Carta del Director: Un rayo verde de esperanza

Es un fenómeno atmosférico realmente único el del rayo verde. Su primer divulgador fue Julio Verne, a finales del siglo XIX, quien quedó extasiado ante la magia momentánea de este destello único que se puede descubrir en muy escasas ocasiones, mejor en los océanos y quizá al amanecer con una tenue presencia de nubes. Lo calificó como “un verde que ningún artista podría jamás obtener en su paleta, un verde del cual ni los variados tintes de la vegetación ni los tonos del más limpio mar podrían nunca producir un igual”. Y lo asoció para siempre con “el verdadero verde de la Esperanza” que es el camino hacia en que me gustaría que nos dirigiéramos en nuestra reflexión de hoy.

Por Eugenio Occhialini

Seguimos viviendo tiempos de zozobra, ante los dientes de sierra de una pandemia que parece reducir sus efectos más dolorosos pero sigue generando desgracias múltiples y nos impide toda serenidad. Pero, en medio de las dificultades, desde Eumedia siempre hemos buscado ese rayo verde, que es también el del campo, el de la tierra, la fuente de un sector productivo que ha sido el mejor compañero de viaje en estos meses de incertidumbre. Realmente ha ejercido, junto a sanitarios y otras profesiones esenciales para nuestra supervivencia, como nuestras guardianes durante la mayor amenaza de nuestras vidas.

Resulta esperanzador comprobar que las empresas agroalimentarias vuelven, paso a paso, a la normalidad, que el tambaleante turismo muestra, aun en medio de tropiezos, signos de recuperación y que volvemos a encontrarnos en eventos, congresos, debates y convocatorias, aunque todavía no nos reconozcamos demasiado bien, porque, aunque a veces nos dejen, no estamos muy seguros de que debamos quitarnos las mascarillas.

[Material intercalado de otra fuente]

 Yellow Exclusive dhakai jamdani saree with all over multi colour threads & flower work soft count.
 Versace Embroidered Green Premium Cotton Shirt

A esas tiendas, cadenas de distribución y mercados que siempre estuvieron abiertos se unen bares y restaurantes que han vivido un año desastroso pero entre cuyos supervivientes avanza, poco a poco, la normalidad. Es cierto que siguen dependiendo, en buena medida, de la venta online, que sus aforos se mantienen reducidos, que hay que guardar  medidas de seguridad, que ha habido cambios en los horarios, que nos hemos acostumbrado a usar los códigos QR y que preferimos cada vez más las terrazas a los interiores. Pero volvemos a disfrutar de la conversación en lugares públicos con un vino en la mano acompañado de una tapa, o de una receta tradicional o de alta cocina en el plato.

Solamente por eso debemos estar esperanzados. También hemos aprendido lecciones. Por ejemplo, el comercio local y la hostelería más cercana han sido nuestros aliados durante estos meses y nunca deberíamos dejar de contribuir a salvar su economía, que se ha visto gravemente afectada, porque la proximidad es un valor en sí misma. Y nos hemos dado cuenta de que, en momentos tan graves de crisis social y económica, el desperdicio alimentario es un lujo absurdo que no podemos permitirnos.

«Aquí no se tira nada» 

Me parece magnífica la campaña emprendida en este sentido por el Ministerio de Agricultura, Pesca y Alimentación bajo el “claim” de “Aquí no se tira nada”, como la que reivindica los Alimentos de España dentro y fuera de nuestro país, como uno de nuestros más sólidos embajadores en todo el planeta, igual que ha comenzado a hacer la Secretaría de Estado de la España Global a través de su recién presentada Guía de la Diplomacia Gastronómica. Nada mejor que nuestra cocina para abrirnos las puertas de los mejores escenarios del mundo.

En esta nueva entrega de ORIGEN, que es una invitación a recorrer España en busca de sus recetas y sus paisajes, queremos volver a llamar a la esperanza a la que nos lleva reivindicar la fuerza de nuestra gastronomía en sentido amplio. Abarca la labor de nuestros productores, distribuidos por todo el país, perfeccionistas en busca de la calidad y la innovación. Gastronomía son también esos recetarios populares y tradicionales que debemos contribuir a preservar como las joyas que realmente representan, al igual que las tapas, importante seña de identidad de la cultura culinaria española en el mundo, que merecerían la consideración de Patrimonio Mundial de la Unesco, como nuestra cocina misma. Y gastronomía es, en fin, conversación y convivencia alrededor de la buena mesa, donde las discusiones más espinosas pueden acabar encontrando una salida.

Se nos puede tachar de utópicos y soñadores, pero lo somos igual que esos pescadores que atisban de pronto el rayo verde en lejanas aguas del océano y se dan cuenta de que, a partir de ese momento, nada malo les podrá suceder.